WHAT IS REQUIRED:
Transcribe the entries below exactly, starting with the line that has "You can notice" and stopping after the line that has "In this program, we"; no pictures belong in the copy.

MATERIAL TO PROCESS:
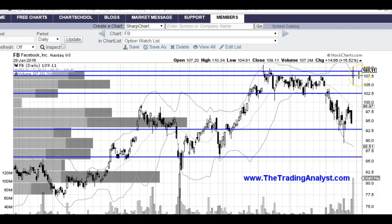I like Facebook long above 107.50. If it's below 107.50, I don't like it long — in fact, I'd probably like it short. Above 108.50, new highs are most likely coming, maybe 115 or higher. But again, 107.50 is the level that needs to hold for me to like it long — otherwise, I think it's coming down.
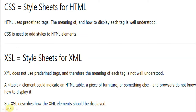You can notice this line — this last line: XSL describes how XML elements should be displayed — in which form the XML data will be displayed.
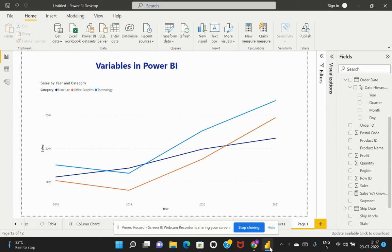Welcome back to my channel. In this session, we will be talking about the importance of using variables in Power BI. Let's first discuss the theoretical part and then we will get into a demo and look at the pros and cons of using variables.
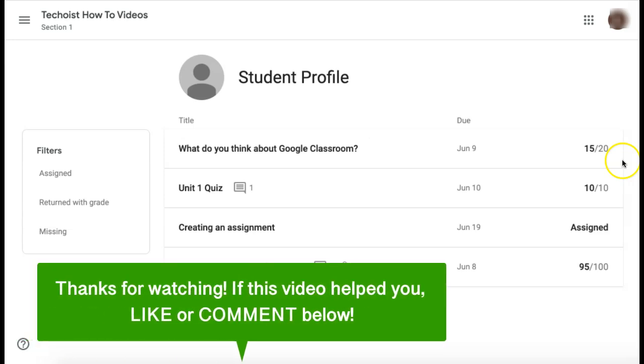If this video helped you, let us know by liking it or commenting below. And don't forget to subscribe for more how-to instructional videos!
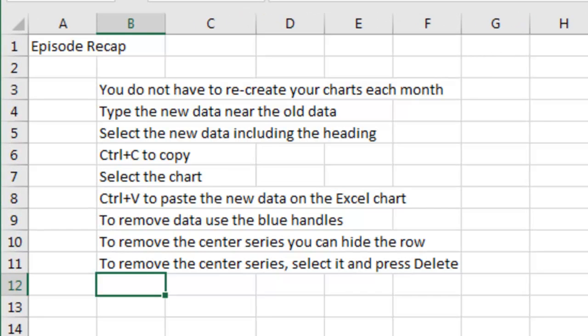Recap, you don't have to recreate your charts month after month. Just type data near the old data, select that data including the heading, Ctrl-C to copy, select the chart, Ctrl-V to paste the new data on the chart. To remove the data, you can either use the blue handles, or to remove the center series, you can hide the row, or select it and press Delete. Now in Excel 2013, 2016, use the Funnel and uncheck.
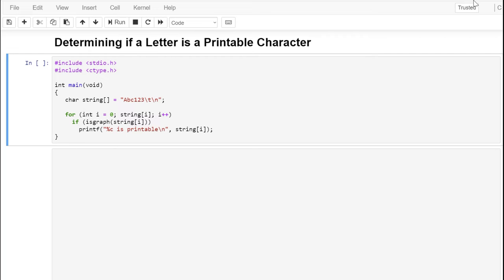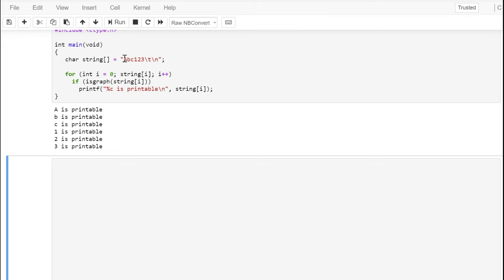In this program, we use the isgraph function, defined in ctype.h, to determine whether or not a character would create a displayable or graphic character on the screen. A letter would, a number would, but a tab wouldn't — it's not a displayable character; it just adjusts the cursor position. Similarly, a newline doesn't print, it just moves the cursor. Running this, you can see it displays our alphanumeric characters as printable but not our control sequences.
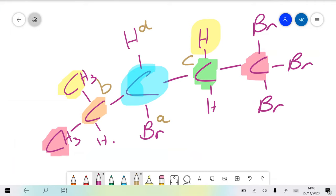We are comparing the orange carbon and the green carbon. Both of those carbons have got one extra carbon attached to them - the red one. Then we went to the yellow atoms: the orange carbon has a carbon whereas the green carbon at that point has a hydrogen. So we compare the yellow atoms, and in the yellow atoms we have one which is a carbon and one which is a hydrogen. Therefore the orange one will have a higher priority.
==
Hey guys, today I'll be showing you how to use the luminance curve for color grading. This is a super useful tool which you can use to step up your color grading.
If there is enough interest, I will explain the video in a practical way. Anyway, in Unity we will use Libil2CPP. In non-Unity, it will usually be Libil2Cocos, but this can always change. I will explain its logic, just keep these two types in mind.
...
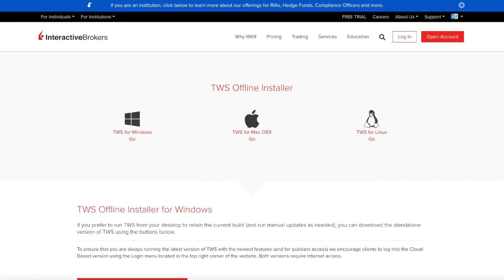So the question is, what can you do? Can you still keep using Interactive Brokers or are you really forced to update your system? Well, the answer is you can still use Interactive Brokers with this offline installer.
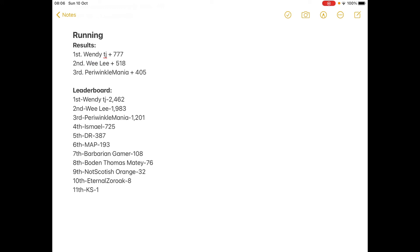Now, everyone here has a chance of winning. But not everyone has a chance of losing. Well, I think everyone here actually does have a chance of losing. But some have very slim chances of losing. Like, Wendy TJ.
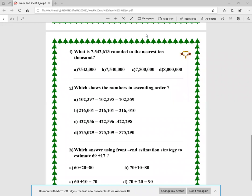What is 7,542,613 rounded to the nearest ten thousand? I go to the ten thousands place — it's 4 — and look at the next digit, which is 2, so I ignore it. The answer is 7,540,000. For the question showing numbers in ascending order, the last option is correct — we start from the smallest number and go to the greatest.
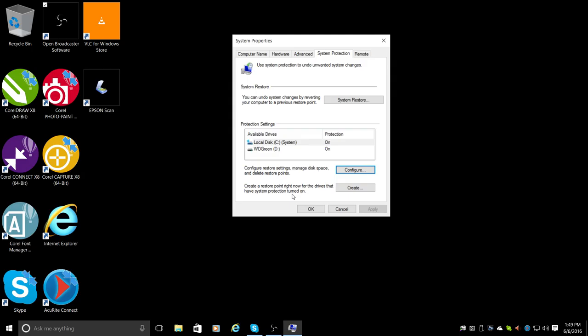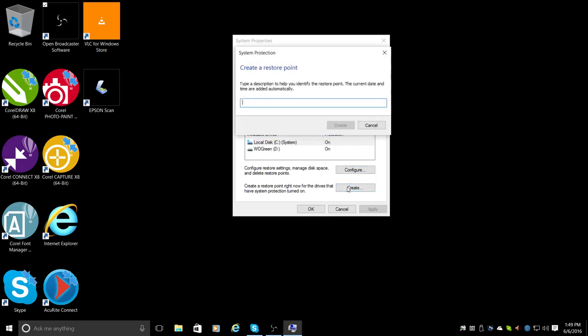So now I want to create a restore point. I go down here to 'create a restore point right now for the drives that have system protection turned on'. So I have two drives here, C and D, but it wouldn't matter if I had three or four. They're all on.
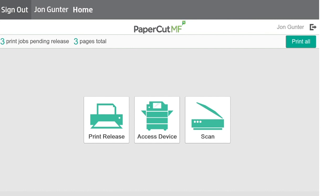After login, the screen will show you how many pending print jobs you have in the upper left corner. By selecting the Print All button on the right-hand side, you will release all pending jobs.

YOUR RESPONSE:
You can notice this line — this last line: XSL describes how XML elements should be displayed — in which form the XML data will be displayed.
Welcome back to my channel. In this session, we will be talking about the importance of using variables in Power BI. Let's first discuss the theoretical part and then we will get into a demo and look at the pros and cons of using variables.
If this video helped you, let us know by liking it or commenting below. And don't forget to subscribe for more how-to instructional videos!
Recap, you don't have to recreate your charts month after month. Just type data near the old data, select that data including the heading, Ctrl-C to copy, select the chart, Ctrl-V to paste the new data on the chart. To remove the data, you can either use the blue handles, or to remove the center series, you can hide the row, or select it and press Delete. Now in Excel 2013, 2016, use the Funnel and uncheck.
In this program, we use the isgraph function, defined in ctype.h, to determine whether or not a character would create a displayable or graphic character on the screen. A letter would, a number would, but a tab wouldn't — it's not a displayable character; it just adjusts the cursor position. Similarly, a newline doesn't print, it just moves the cursor. Running this, you can see it displays our alphanumeric characters as printable but not our control sequences.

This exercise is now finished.